It is also common that television services in minority languages subtitle their programs in the dominant language as well. Examples include the Welsh S4C and Irish TG4 who subtitle in English and the Swedish Yle Fem in Finland who subtitle in the majority language Finnish.

In Wallonia (Belgium) films are usually dubbed, but sometimes they are played on two channels at the same time: one dubbed (on La Une) and the other subtitled (on La Deux), but this is no longer done as frequently due to low ratings.

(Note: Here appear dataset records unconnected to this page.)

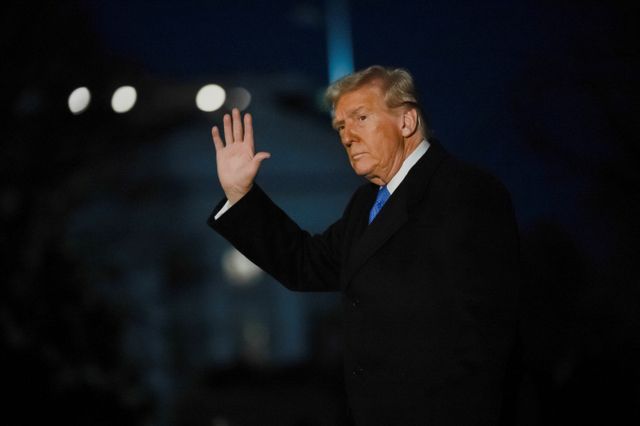 조셉 윤 주한 미국대사대리가 도널드 트럼프 미국 대통령과 시진핑 중국 국가주석이 오는 11월 경주에서 개최되는 아시아태평양경제협력체(APEC) 정상회의에 참석할 것이라고 밝혔다. 사진은 트럼프 대통령이 지난 9일(현지시각) 미국 워싱턴D.C 백악관에 도착한 모습. /사진=로이터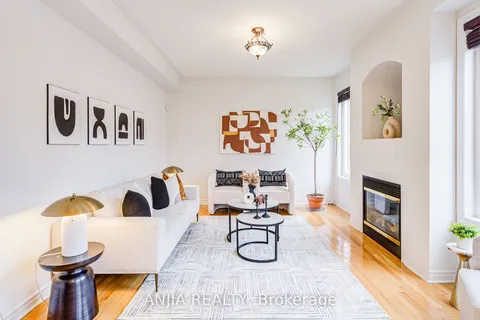 6 Linsmary Court, Markham, ON L6E 1L2
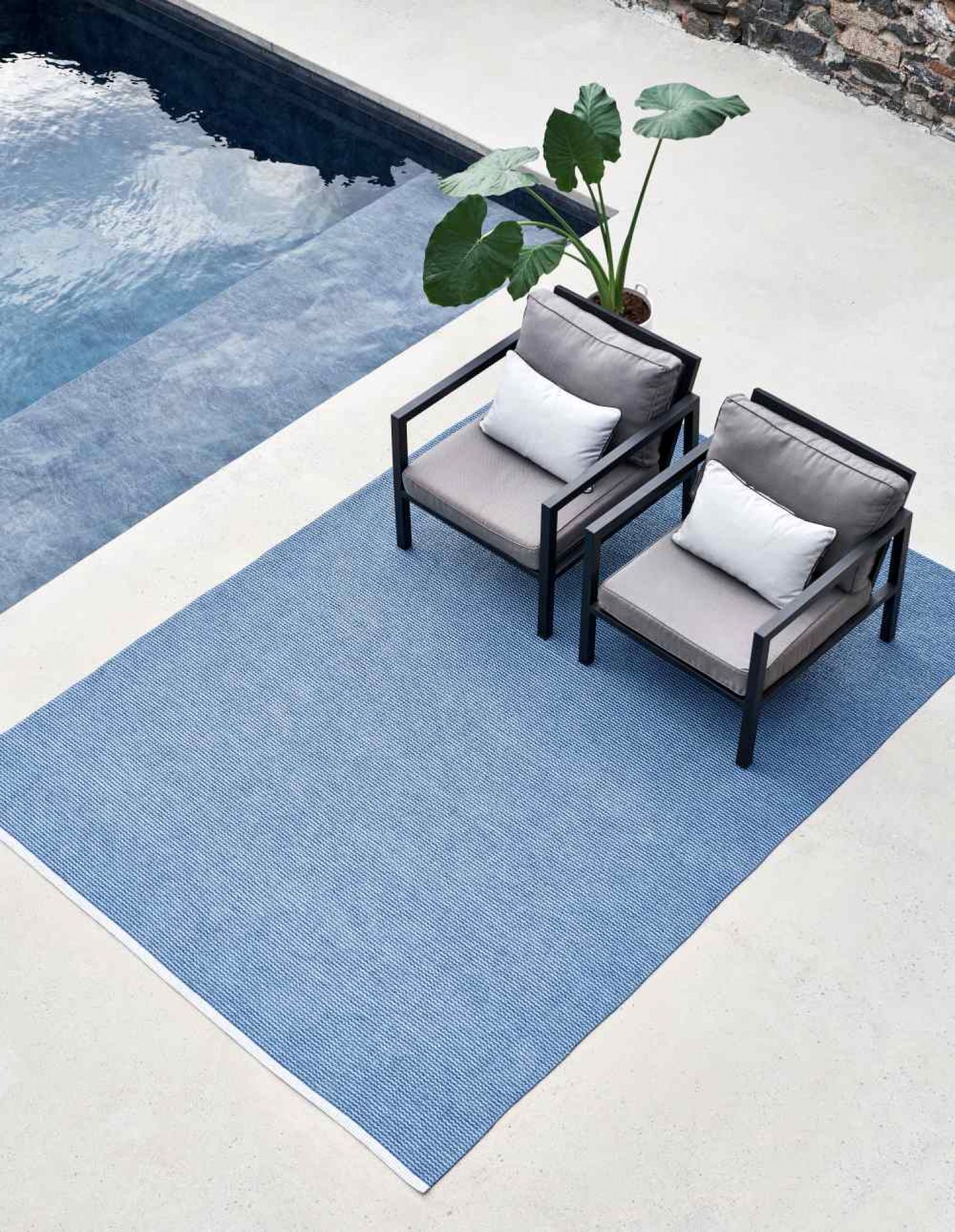 Mono Plastic Rug 230x320 cm Pappelina Ocean blue - Dove blue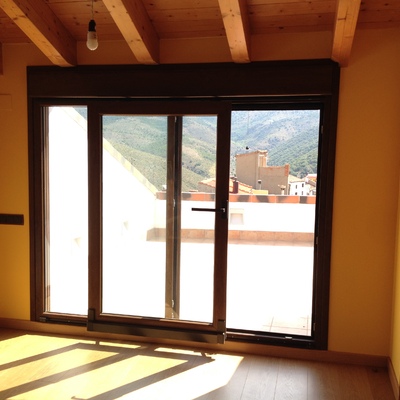 Detalle puerta oscilo-paralela (apertura)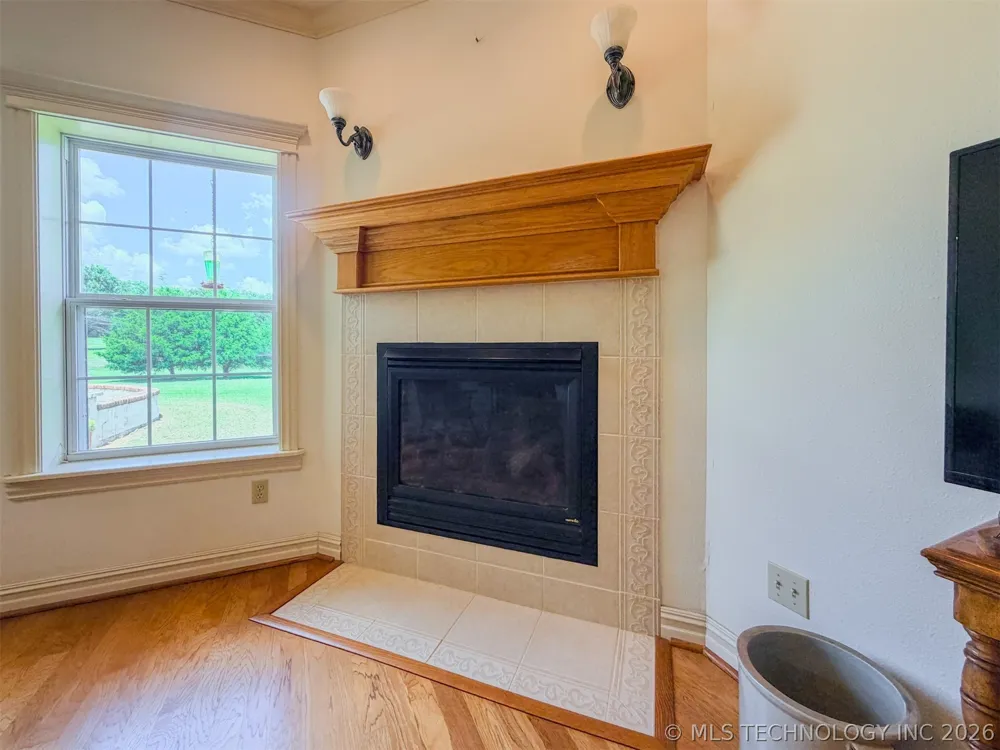 15224 W Jones Road Tahlequah, OK 74464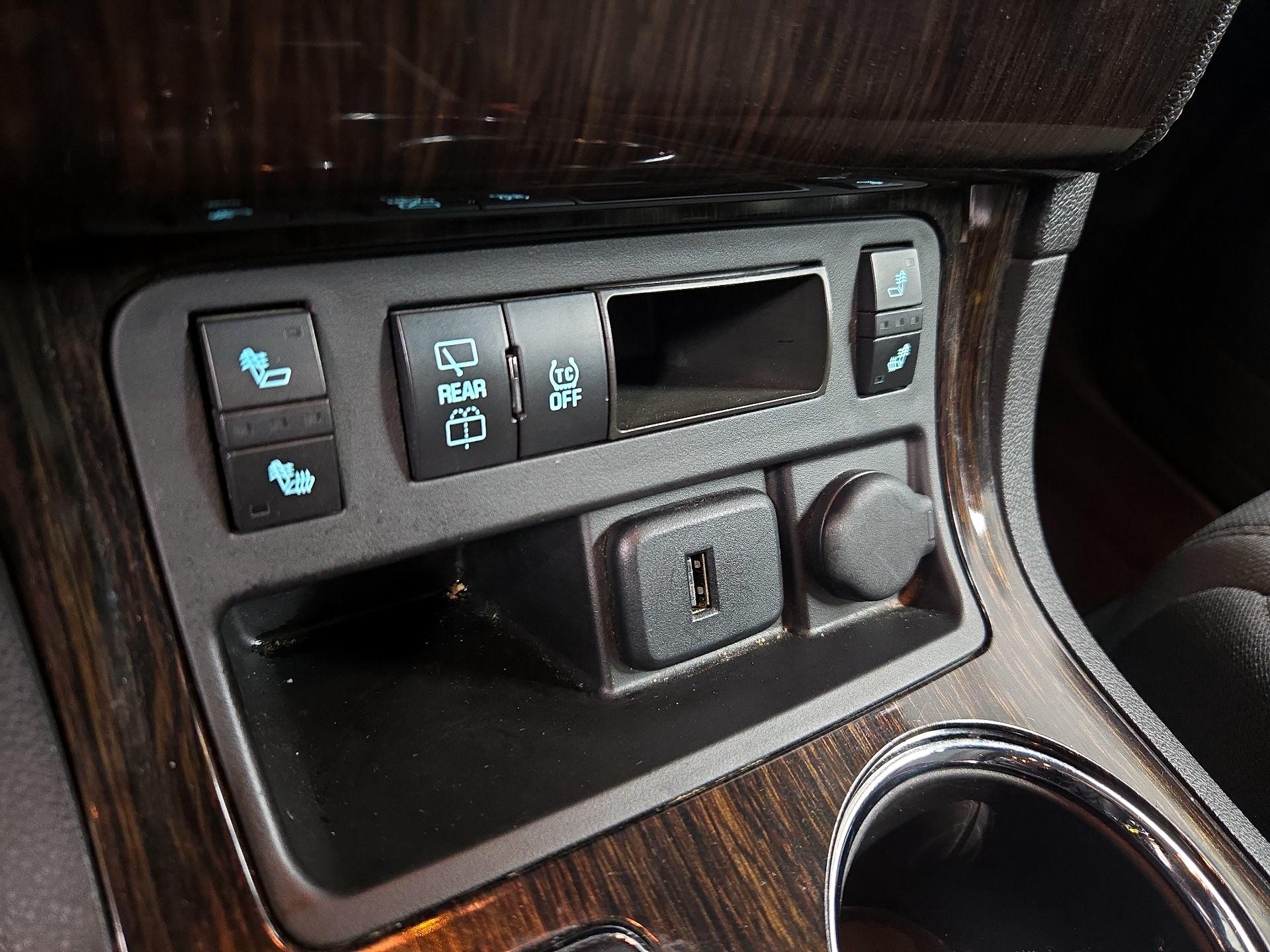 Thumbnail: 2015 Chevrolet Traverse - 18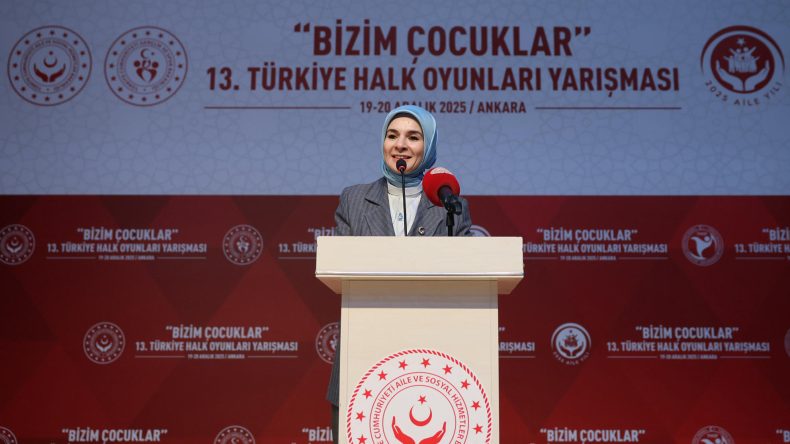 Bakan G&ouml;ktaş, 'Bizim &Ccedil;ocuklar 13'&uuml;nc&uuml; T&uuml;rkiye Halk Oyunları Yarışması'nın a&ccedil;ılış t&ouml;renine katıldı
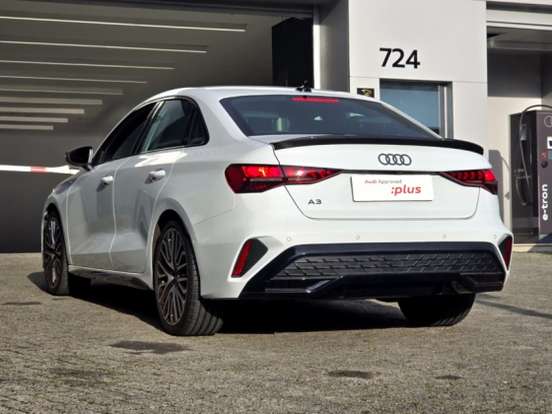 AUDI-A3-2.0 40 TFSI GASOLINA SEDAN PERFORMANCE BLACK S-TRONIC AUDI-A3-2025
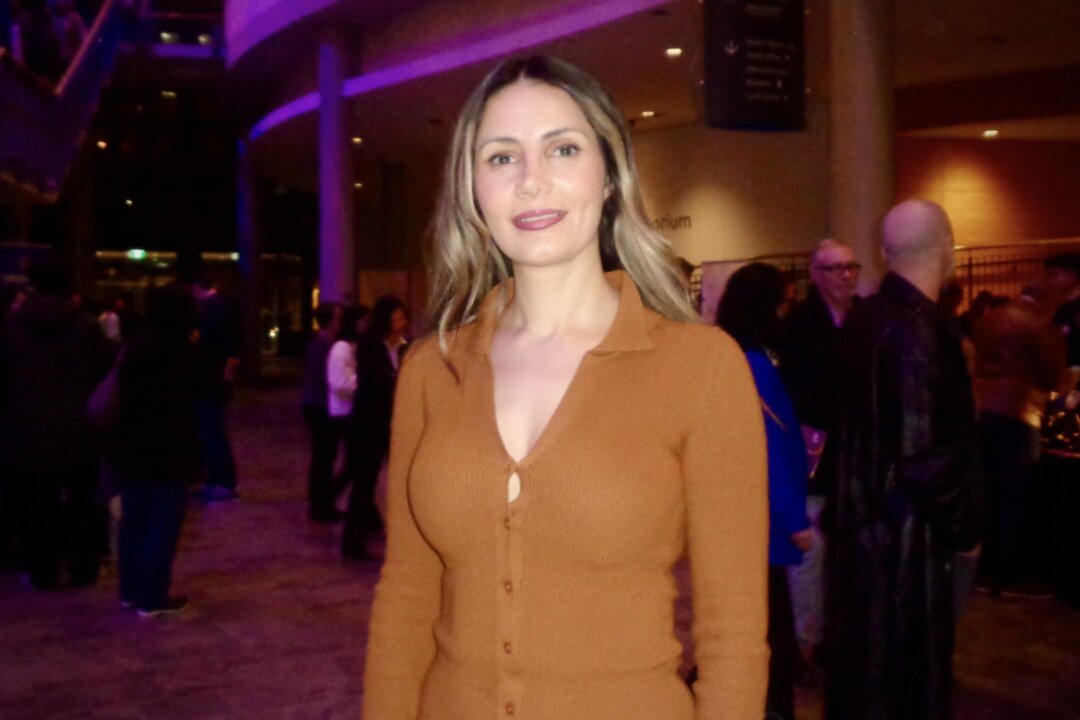 Sue-Maya Hawass enjoyed Shen Yun's evening show at the Living Arts Centre, in Canada, on March 14, 2026. (NTD)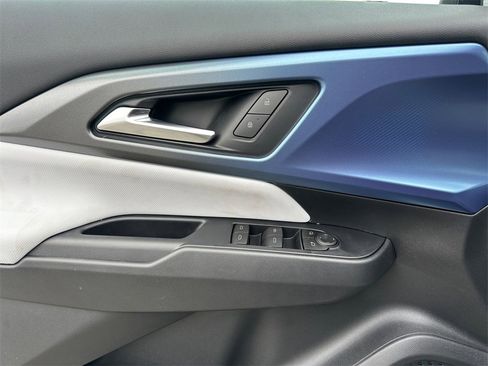 New 2026 Chevrolet Equinox EV LT image 11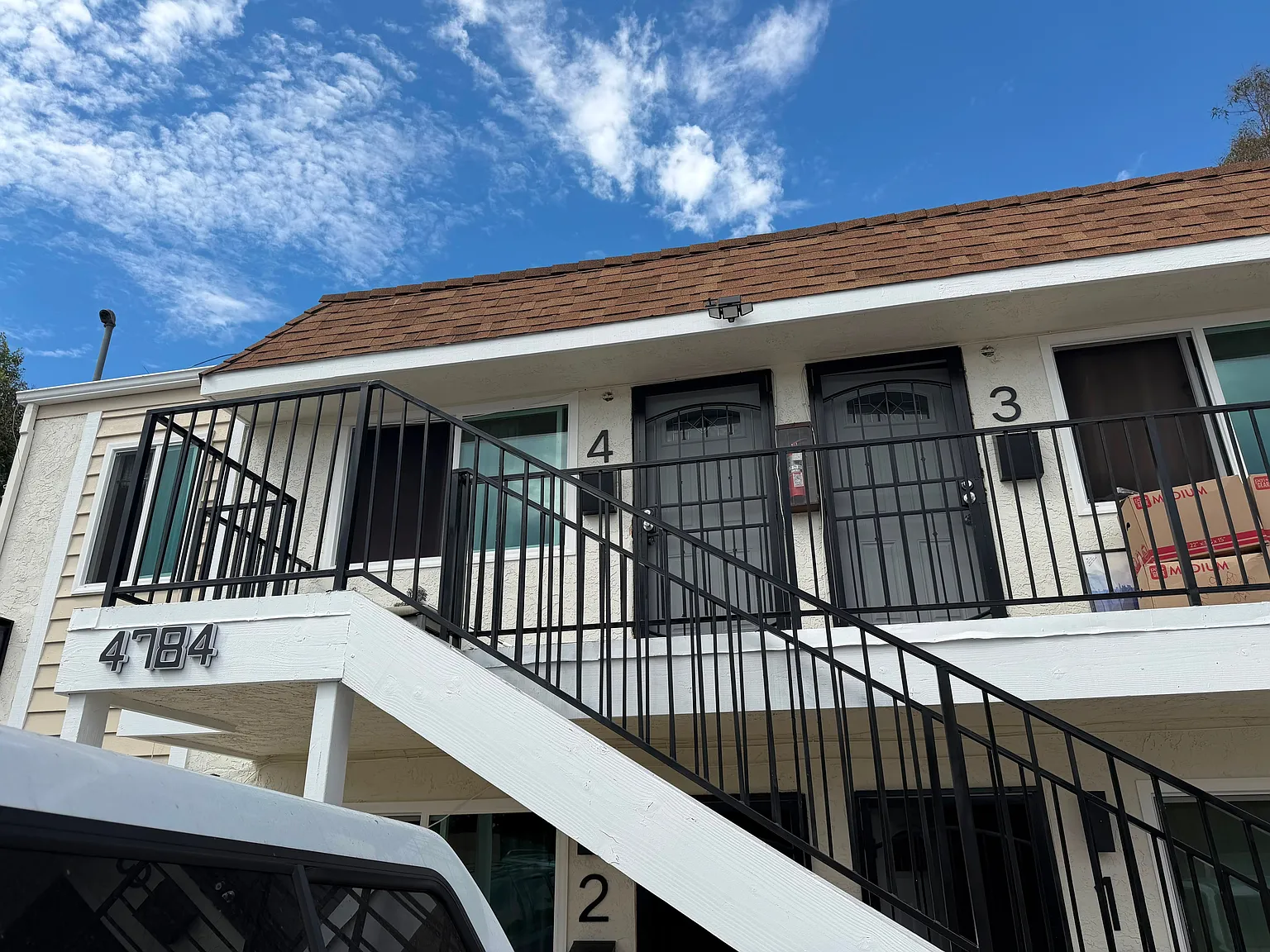2 bed, 750 sqft, $2,350 — Photo 1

In Australia, one FTA network, SBS airs its foreign-language shows subtitled in English.

== Categories ==
Subtitles in the same language on the same production can be in different categories:
- Hearing impaired subtitles (sometimes abbreviated as HI or SDH) are intended for people who are hearing impaired, providing information about music, environmental sounds and off-screen speakers (e.g. when a doorbell rings or a gunshot is heard). In other words, they indicate the kinds and the sources of the sounds coming from the movie, and usually put this information inside brackets to demarcate it from actors' dialogues. For example: [sound of typing on a keyboard], [mysterious music], [glass breaks], [woman screaming], [children screaming], [children giggling], [bell], [geese honking], [sirens] and [shrieks].
- Narrative is the most common type of subtitle in which spoken dialogue is displayed. These are most commonly used to translate a film with one spoken language and the text of a second language.
- Forced subtitles are common on movies and only provide subtitles when the characters speak a foreign or alien language, or a sign, flag, or other text in a scene is not translated in the localization and dubbing process. In some cases, foreign dialogue may be left untranslated if the movie is meant to be seen from the point of view of a particular character who does not speak the language in question. For example, in Steven Spielberg's Amistad the dialogue of the Spanish slave traders is subtitled, while African languages are left untranslated.
- Content subtitles are a North American Secondary Industry (non-Hollywood, often low-budget) staple. They add content dictation that is missing from filmed action or dialogue. Due to the general low-budget allowances in such films, it is often more feasible to add the overlay subtitles to fill in information. They are most commonly seen on America's Maverick films as forced subtitles, and on Canada's MapleLeaf films as optional subtitles. Content subtitles also appear in the beginning of some higher-budget films (e.g., Star Wars) or at the end of a film (e.g., Gods and Generals).
- Titles only are typically used by dubbed programs and provide only the text for any untranslated on-screen text. They are most commonly forced (see above).
- Bonus subtitles are an additional set of text blurbs that are added to DVDs. They are similar to Blu-ray Discs' in-movie content or to the "info nuggets" in VH1 Pop-up Video. Often shown in popup or balloon form, they point out background, behind-the-scenes information relative to what is appearing on screen, often indicating filming and performance mistakes in continuity or consistency.
- Localized subtitles are a separate subtitle track that uses expanded references (i.e., "The sake [a Japanese Wine] was excellent as was the Wasabi") or can replace the standardized subtitle track with a localized form replacing references to local custom (i.e., from above, "The wine was excellent as was the spicy dip").
- Extended or expanded subtitles combine the standard subtitle track with the localization subtitle track. Originally found only on Celestial DVDs in the early 2000s, the format has expanded to many export-intended releases from China, Japan, India, and Taiwan. The term "Expanded Subtitles" is owned by Celestial, with "Extended Subtitles" being used by other companies.

== Types ==
Subtitles exist in two forms; open subtitles are open to all and cannot be turned off by the viewer; closed subtitles are designed for a certain group of viewers, and can usually be turned on or off or selected by the viewer – examples being teletext pages, U.S. Closed captions (608/708), DVB Bitmap subtitles, DVD or Blu-ray subtitles.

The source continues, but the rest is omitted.